In the 1990s, Norman Finkelstein critiqued the Holocaust Industry, which was built on those who did not suffer in the Holocaust and yet sought social, political, and financial gain from it. Jones' book examines that industry from the standpoint of literary criticism, highlighting and exposing the false narratives of that industry. This book is necessary reading for anyone interested in an honest dialogue about the use and abuse of historical tragedies.
The Holocaust is the most publicized topics in recent history yet one of the least discussed and more fraught with taboo, censorship, and criminalization than any other. The prohibition of literary criticism means an entire genre of writing that "retreated into the realm of sacred objects where only a few appointed rabbis had rights as commentators."
To point out that the Holocaust Narrative itself changed over time would be "denial." The Jewish babies thrown into "flaming pits" Elie Wiesel described (We don't hear about those anymore, do we? But the trope was recycled in a recent Israeli war propaganda hoax about 40 Jewish babies beheaded and burnt by Hamas) morphed into gas chambers in later narratives.
The term "holocaust" itself has its roots in burnt offerings or a sacrifice consumed by fire and was originally used to describe the savage Allied bombing raids and fire storms engineered to burn entire populations of German and Japanese civilians alive in Hamburg, Dresden and Hiroshima.
Eisenhower’s Rheinwiesenlager or the genocidal Morgenthau Plan, an ethnic cleansing campaign of deliberate starvation of the German people, are omitted from the narrative, as well as the fact that many of the tropes we see repeated in Holocaust literature and films were lifted directly from propaganda crafted under Eisenhower's Psychological Warfare Dept. of the US Dept. of War--for example, the term "extermination camp" was first introduced in Allied propaganda. It was never used by the SS (there's no documentation expressing or implying an extermination policy). Later, the CIA became instrumental in getting many of the popular Holocaust literature published and films produced.
The Holocaust Narrative is now "wielded to cover up Israeli atrocities against Palestinians every bit as effectively as it had been used to cover over Allied war crimes committed during World War II." Indeed, to condemn Israel's genocide (or to even call it a genocide) is to engage in "anti-Semitism," which is criminalized.
The Holocaust Narrative has also been used as a battering ram against the Catholic Church by condemning Pope Pius XII as "Hitler's Pope" with no evidence (and despite him saving the lives of 80,000 Hungarian Jews) and to smear Catholicism with the stain of "anti-Semitism."

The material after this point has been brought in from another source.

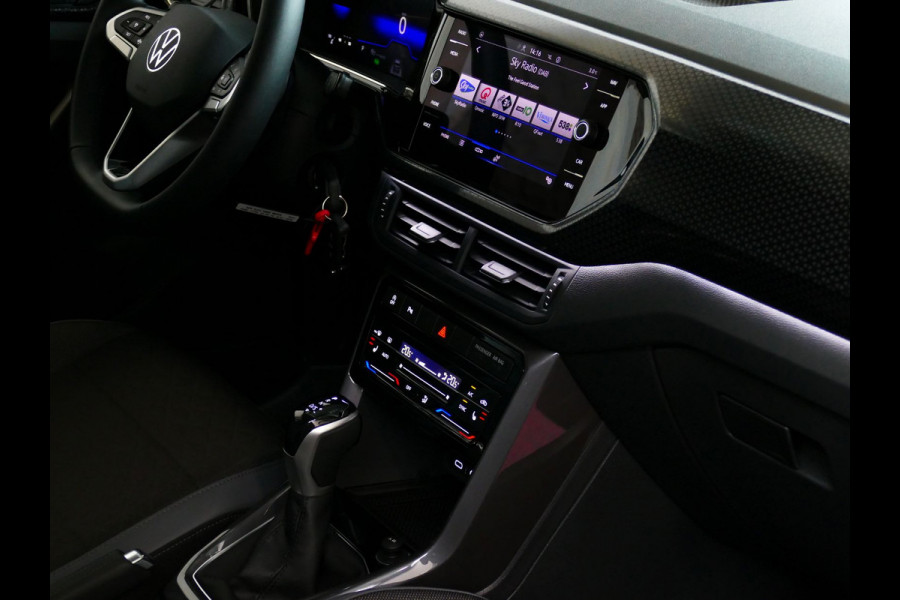 Volkswagen T-Cross 1.5 TSI 2024 150PK STYLE PLUS LMV CARPLAY NAVI VIR.COCKPIT LED CAMERA STOELVERW. ADAP.CRUIS DAB "Volkswagen rijden begint bij Topautos.nl – 75 topmodellen direct op voorraad!" Volkswagen T-Cross 1.5 TSI 2024 150PK STYLE PLUS LMV CARPLAY NAVI VIR.COCKPIT LED CAMERA STOELVERW. ADAP.CRUIS DAB "Volkswagen rijden begint bij Topautos.nl – 75 topmodellen direct op voorraad!"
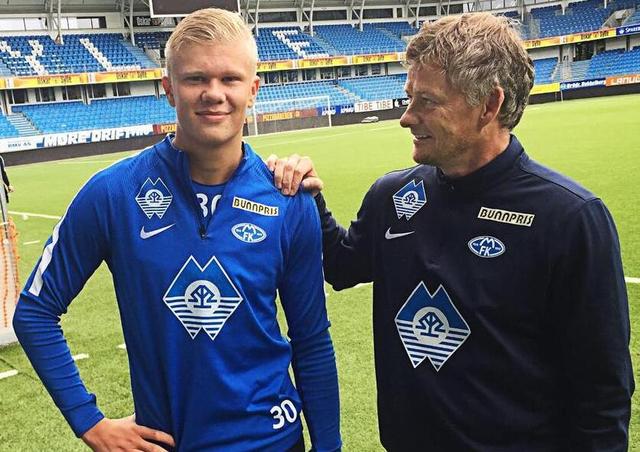 巅峰的左后 巅峰的左后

Jones makes an important distinction: To call the Church "anti-Semitic...was an outrageous anachronism which changed the terms of the argument from a theological common place to an anti-Christian ideology which came into being after WWII based on the Holocaust Narrative."

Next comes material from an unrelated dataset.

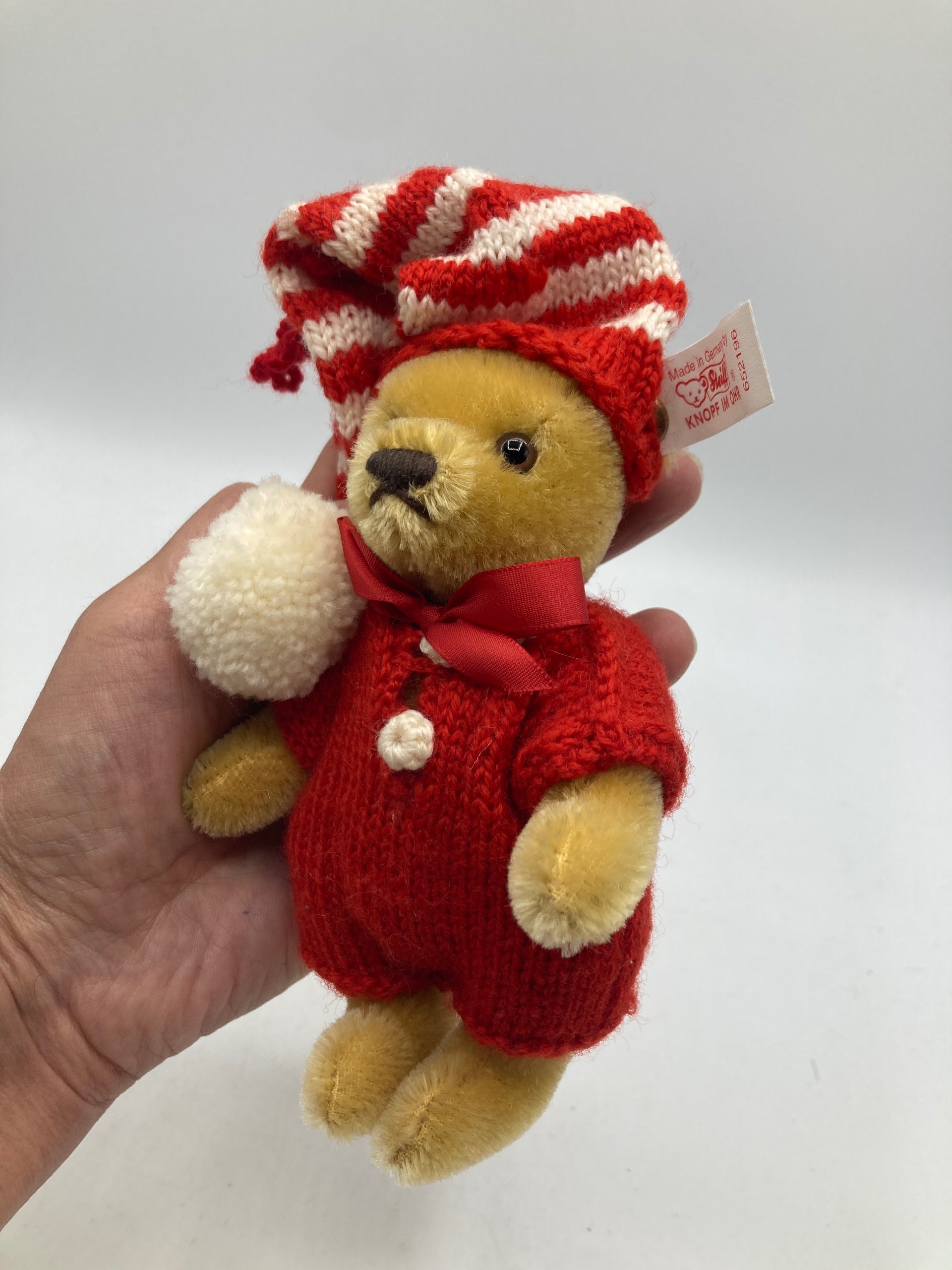 Steiff FAO Schwarz Sleepy Keep Christmas Teddy Bear With All IDs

"Anti-Semitism is a biological term which came into being in Germany in the 1870s, largely because of the writing of Wilhelm Marr, who was looking for a non-theological way of criticizing Jewish behavior. At no point in the period following its invention did any Catholic subscribe to "anti-Semitism," because its biological determinism ran afoul of the fact that both the Jews who worshipped Christ as the son of God and the Jews who called for his death shared the same DNA. By the uncritical acceptance of the term anti-Semitism in the final version of Nostra aetate, which occurred when the Council Fathers claimed that the Church deplored 'all...displays of anti-Semitism,' the Council failed to make this crucial distinction and opened the door which allowed the Holocaust Narrative to enter the Church and infect her deliberations for decades."

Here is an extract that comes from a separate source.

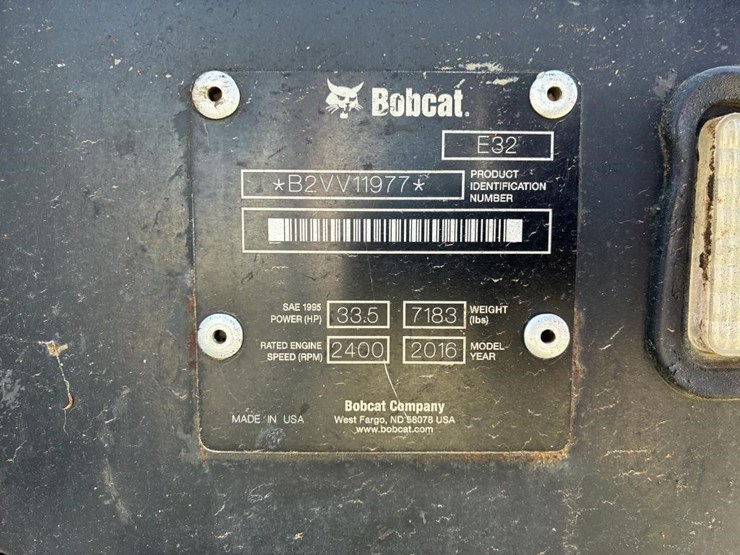 2016-bobcat-e32-image-20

"Behind the (false) equivalence between Nazism and Catholicism, suddenly another equivalence emerges, namely, the relationship between Jews and Bolshevism."
"Anti-Semitism during the 1920s in Europe was not directed against the existence of Jews but rather against the behavior of Jews, because Jews were widely seen as the driving force behind Bolshevism." There was a very real concern in Europe at the time about the threat of Bolshevism. But the Russian Revolution, the rising specter of Bolshevism and the possibility of Jews fomenting that kind of revolutionary terrorism in Europe is another factor omitted from the narrative about what underpinned German (and even Churchill's) concerns at the time that overwhelming Jewish sympathies with Bolshevism in countries across Europe was perceived as a potential fifth column.
Only read about half of the book but from what I read the author jumps around a lot. He doesn’t give a coherent argument that you can follow a long with. Instead, he gives several stories and historical accounts that may or may not point towards his thesis. Nevertheless, I learned some really cool stuff from this book and it was fairly easy to read when you got used to the author’s style.